Happy Birthday to us! We’ve been doing the bish thing for a year, so I guess we have to do that tired old practice of recapping because like Kylie, we had a big year.

TL;DR – following is a list of our plans for 2019 and a recap of what we learned in 2018.

This is a still from Kylie Jenner's 2016 New Year Resolutions video. It shows her head and shoulders with the quote "like, realizing things..."
This is a still from Kylie Jenner’s 2016 New Year Resolutions video. It shows her head and shoulders with the quote “like, realizing things…”

#goals

    1. We’re looking for guest writers. So if you know any other linguabishes, send them our way.
    2. We’re diversifying our content to include not just peer-reviewed articles in academic papers, but also conference papers, master’s theses, and whatever else strikes our fancies.
    3. We’re planning to provide more of our own ideas like in the Immigrant v. Migrant v. Expat series (posts 1, 2, and 3) and to synthesize multiple papers into little truth nuggets.
    4. Hopefully it won’t come up, but we’re not beyond dragging any other racist garbage parading as linguistics again.

Plans aside, here’s all the stuff we learned.
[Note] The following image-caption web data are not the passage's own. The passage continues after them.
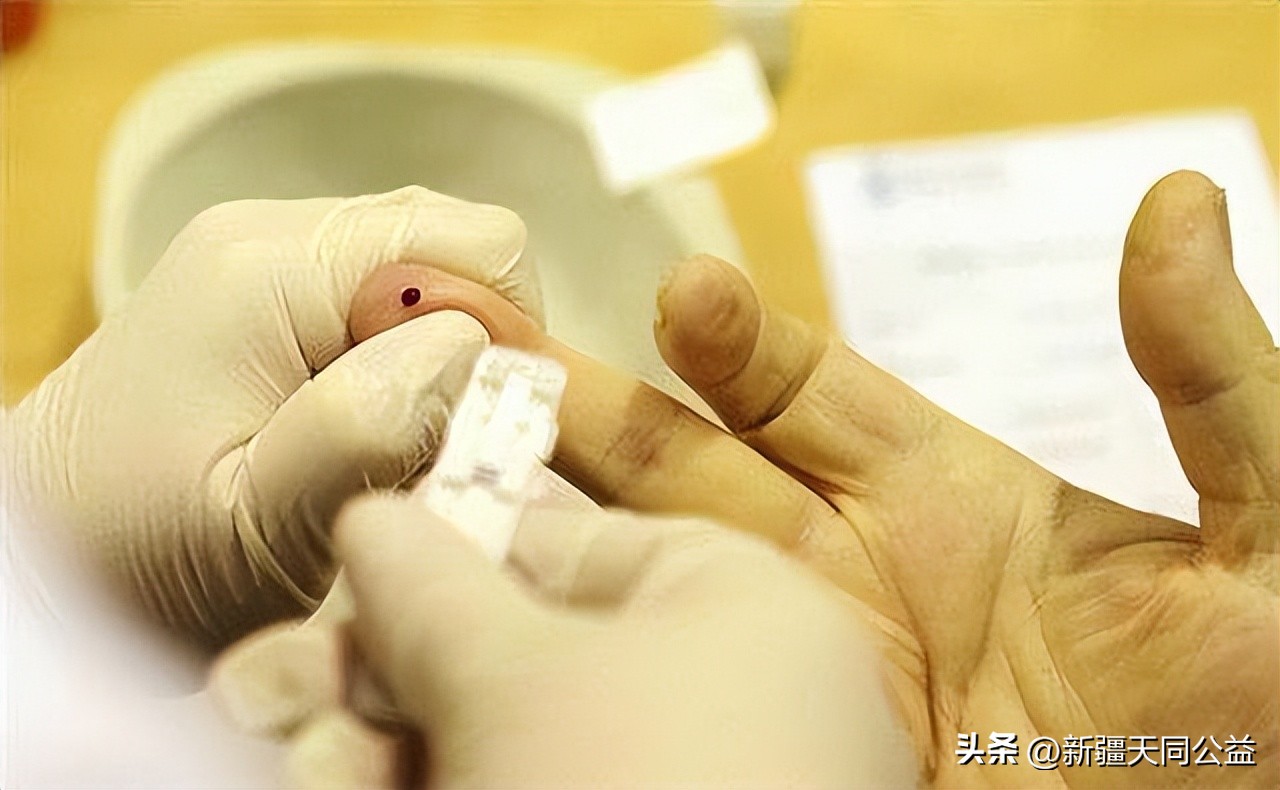 持续低烧查出艾滋病,男子发热20天被确诊艾滋病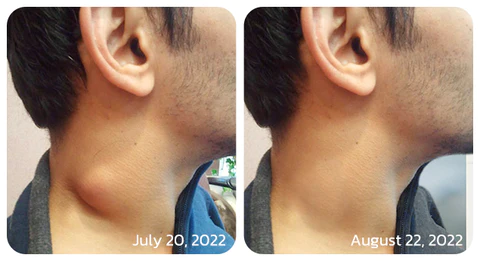 GFOUK™ ThyroidCare Anti Swelling Lymphatic Cleaning Roller - Image 7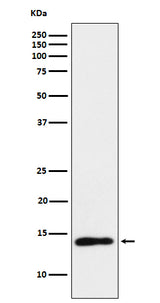 Anti-TCL1 Monoclonal Antibody Boster Bio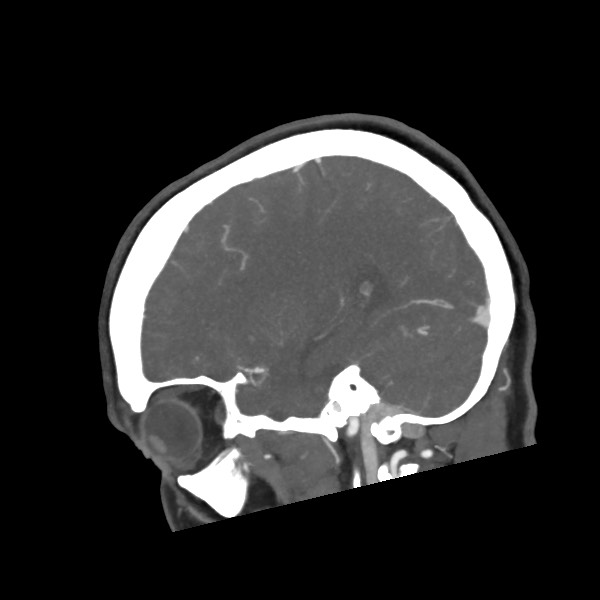 Acute subarachnoid hemorrhage and accessory anterior cerebral artery (Radiopaedia 69231-79009 Sagittal C+ arterial phase 24).jpg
We covered a lot of topics in 2018, so it’s broken down by theme.

Raciolinguistics and Language Ideology

We wrote 5 posts on language ideology and raciolinguistics and we gave you a new word: The Native-speakarchy. Like the Patriarchy, the Native-speakarchy must be dismantled. Hence Dismantling the Native-Speakarchy Posts 1, 2, and 3. Since we had a bish move to Ethiopia, we learned a little about linguistic landscape and language contact in two of its regional capitals. Finally, two posts about language ideology in the US touch on linguistic discrimination. One was about the way people feel about Spanish in Arizona and the other was about Spanish-English bilingualism in the American job market. 

This is a gif of J-Lo from the Dinero music video. She’s wearing black lingerie and flipping meat on a barbecue in front of a mansion. She is singing “I just want the green, want the money, want the cash flow. Yo quiero, yo quiero dinero, ay.”

Pop Culture and Emoji

But we also had some fun. Four of our posts were about pop culture. We learned more about cultural appropriation and performance from a paper about Iggy Azalea, and one about grime music. We also learned that J.K. Rowling’s portrayal of Hermione wasn’t as feminist as fans had long hoped. Finally, a paper about reading among drag queens taught that there’s more to drag queen sass than just sick burns.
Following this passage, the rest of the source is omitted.